Work to complete: Please restate each line of the material word for word and omit any pictures.

Available data:
******************************

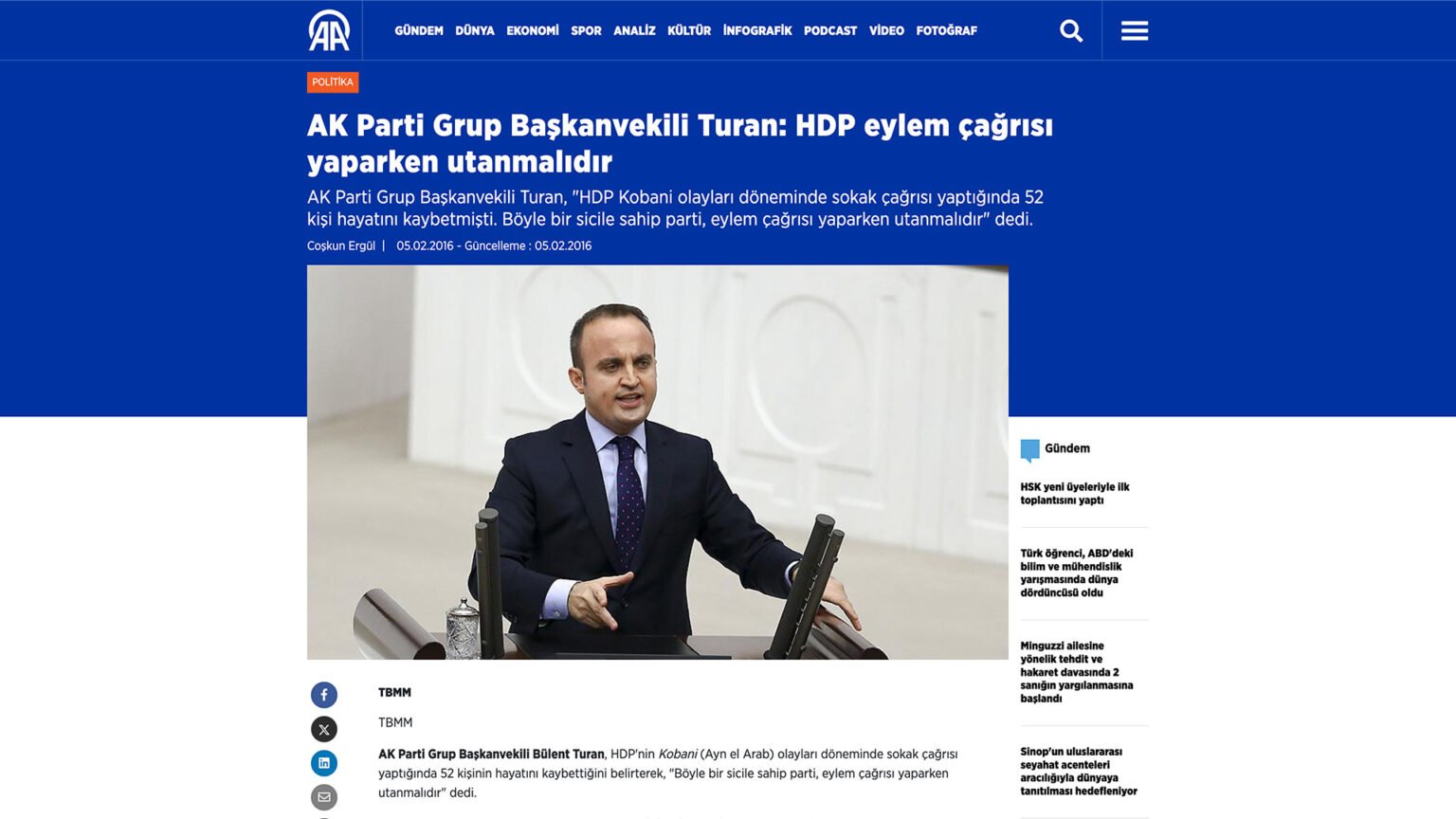 AK Parti Grup Başkanvekili Turan: HDP eylem çağrısı yaparken utanmalıdır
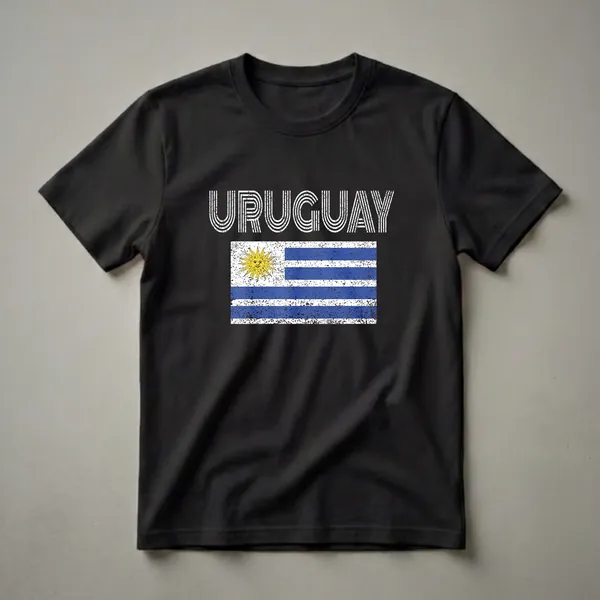 Black t-shirt featuring the word URUGUAY in distressed white striped letters above a distressed Uruguayan flag with blue and white stripes and a yellow sun emblem.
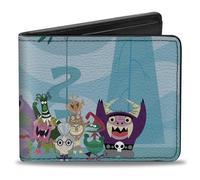 Buckle-Down Warner Bros. Animation Wallet, Bifold, Fosters Home For Imaginary Friends Group Pose Blues, Vegan Leather, Black, 4.0" x 3.5", Casual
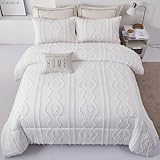 Luxudecor White Tufted Comforter Set King Size Boho Textured Comforter Shabby Chic Embroidery Bedding Set 3 Pieces Ultra Soft Comforter for All Seasons (White, 104''x90'')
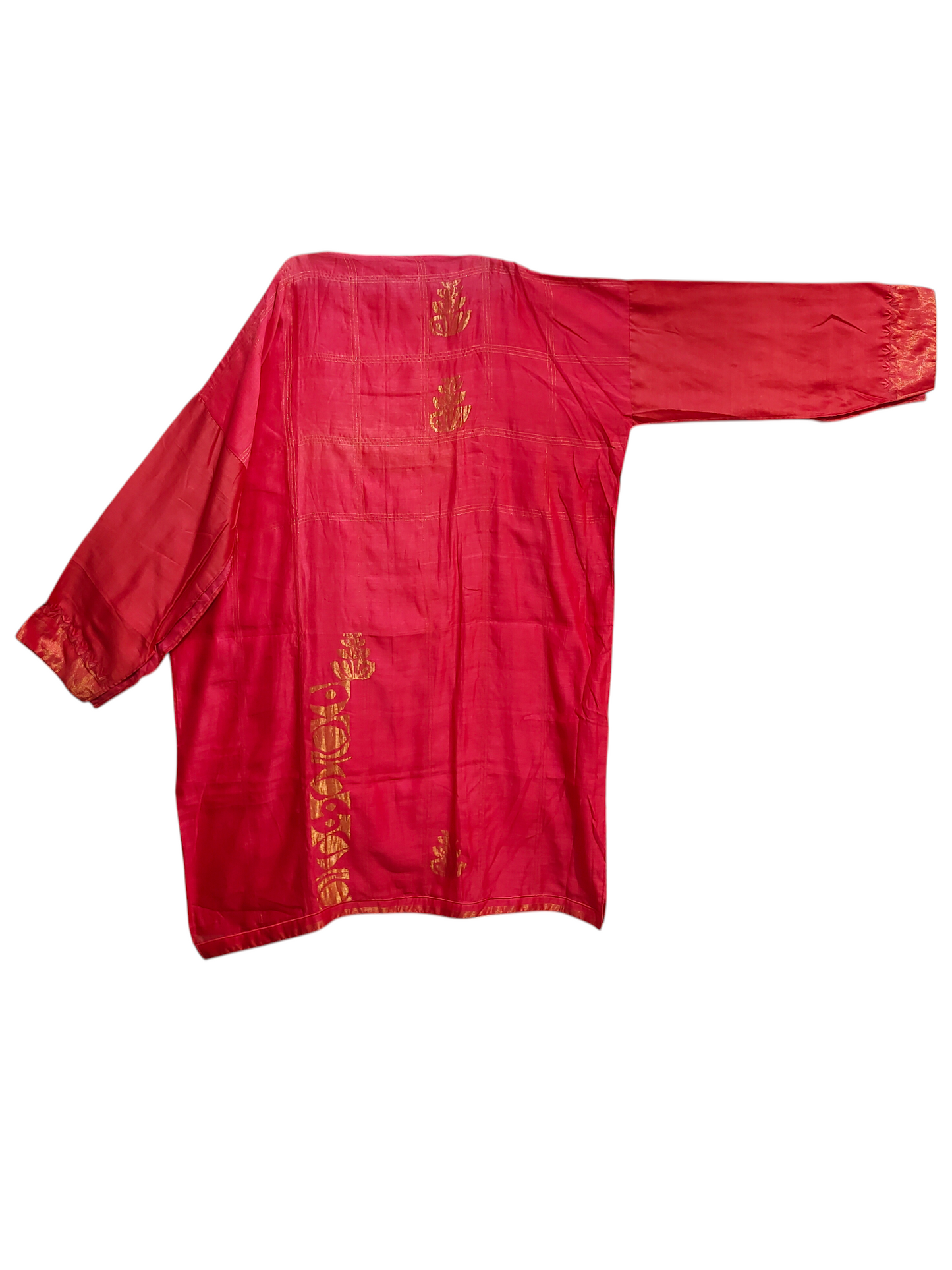 Pink kurta with gold embroidery on a white background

******************************

Output of the task:
 AK Parti Grup Başkanvekili Turan: HDP eylem çağrısı yaparken utanmalıdır
 Black t-shirt featuring the word URUGUAY in distressed white striped letters above a distressed Uruguayan flag with blue and white stripes and a yellow sun emblem.
 Buckle-Down Warner Bros. Animation Wallet, Bifold, Fosters Home For Imaginary Friends Group Pose Blues, Vegan Leather, Black, 4.0" x 3.5", Casual
 Luxudecor White Tufted Comforter Set King Size Boho Textured Comforter Shabby Chic Embroidery Bedding Set 3 Pieces Ultra Soft Comforter for All Seasons (White, 104''x90'')
 Pink kurta with gold embroidery on a white background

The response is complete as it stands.